Aux prochaines élections législatives marocaines, il souhaiterait que les CME (Citoyens marocains de l’étranger), un terme qu’il préfère aux MRE (Marocains résidents à l’étranger), participent. «Il faut cesser la magouille, ne plus acheter les voies, laisser la place à une véritable démocratie».Il est aussi contre les «micro-partis» et préfère les grandes tendances. Les partis marocains ont déjà entamé leur grand-messe dans la région. A la mosquée, Kadiri du PND, Daoudi du PJD et d’autres se sont déjà succédé pour charmer les fidèles.
Ce sera probablement autour des mosquées que se fera l’essentiel des campagnes électorales marocaines. Mais il faudra encore attendre la participation des MRE aux élections, ce n’est pas pour 2007. Même la composition du Conseil supérieur des MRE, une instance ardemment attendue dans les milieux à l’étranger n’est pas définie.

Le «financeur» Dassault

C’est Serge Dassault, le maire de Corbeille Essonnes, département de l’Ile de France, qui a financé le voyage de dix jeunes au Maroc, en compagnie de Khalil Marroun et du président de l’association des sépharades de France, Simon Hamida. Dassault finance de nombreuses activités de ressortissants maghrébins de la région. L’an dernier, c’est lui qui a permis l’organisation de la fantasia. C’est aussi lui qui a subventionné la mosquée Salam dans l’Essonnes. Le véritable moteur des actions menées par le grand industriel se trouverait dans l’acquisition d’une partie de l’électorat d’origine maghrébine.
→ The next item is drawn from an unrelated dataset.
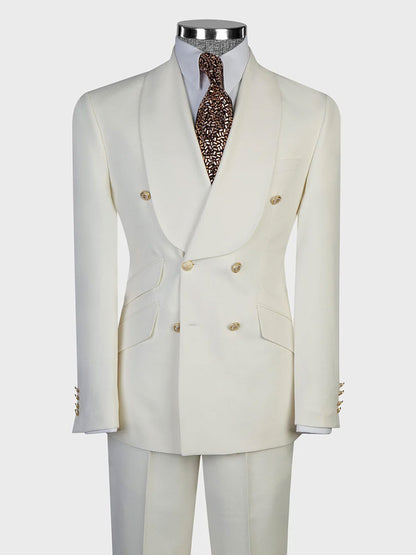 Double-breasted Shawl Lapel 2-piece Suit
Les origines d’une mauvaise perception de l’islam

Pourquoi l’opinion française a-t-elle une image négative sur l’islam ? pour Marroun, l’explication tiendrait à la coincidence historique entre ce qu’il appelle l’éveil islamique et la révolution iranienne. «C’est au début des années 80 que tout a commencé en France. Or, à cette même époque, Khomeini triomphait en Iran. Les médias ont rapidement véhiculé des clichés négatifs sur l’islam, sans différencier entre les sociétés ou même voir ce qui se passe ailleurs, comme au Maroc».

La Mosquée d’Evry au cœur d’un conflit juridique

Un conflit oppose l’actuel recteur de la mosquée d’Evry à la ligue mondiale islamique . La propriété de la mosquée a été léguée, il y a plusieurs années, à la ligue pour éviter toute appropriation personnelle. Mais les responsables de la Ligue ne semblent pas être du même courant que le recteur qui souhaite «passer la main en ayant une mosquée saine».